Why anyone would write a date on a ticket with a felt tip pen is beyond me. I refuse to believe that there was not a single biro pen to be found at St Pancras station, whether borrowed from a clerk in the ticket office (10 seconds walk from the gateline,) or by one of the RPIs/gateline assistants on the barriers. I also refuse to believe that someone genuinely expected a date written with a felt tip pen to remain legible, especially after rather instantaneously placing it through a barrier. If the date is not legible then the ticket is not valid. Only way the OP will get off is if there's proof that the FCC inspector was wrong and that they held a fully valid ticket (in this case requiring a clearly dated box.) Defence on the basis on leniency is almost akin to asking to be prosecuted.
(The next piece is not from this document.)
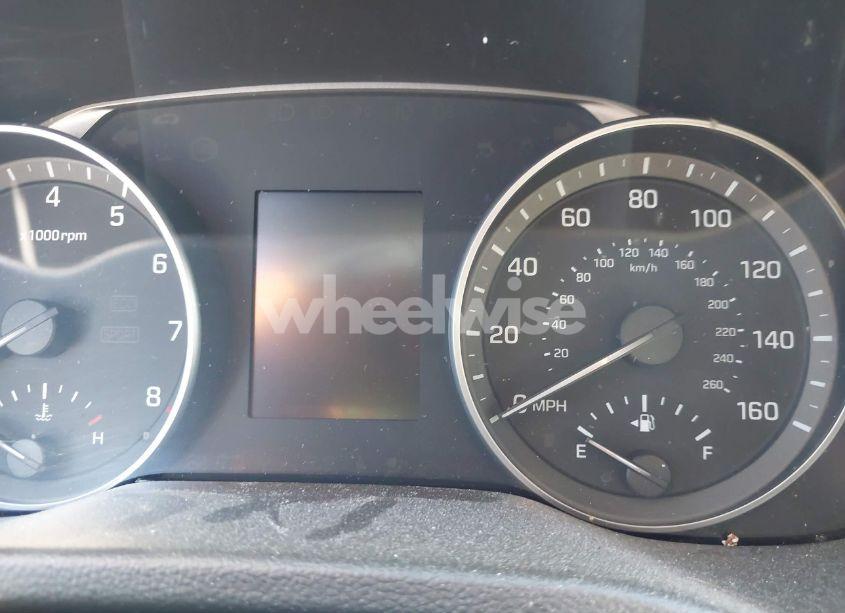 Photo 15 of 2018 Hyundai Elantra SEL (VIN 5NPD84LF8JH216913)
Many people come to be surprised at "how far" TOCs take these matters. It would seem that some TOCs are tired of chancers paying a pathetic £20 Penalty Fare and wish to send out the message that it's not to be tolerated. I use boxed tickets every so often and the dates are filled in prior to travel and not with a pencil or pen that can easily be rubbed off. The consequences of being lackadasical towards holding a valid ticket are not worth it. Pity others have to find out the hard way! Next time, waiting 15 minutes for the next train to ensure you hold a valid ticket might be a better option than risking prosecution.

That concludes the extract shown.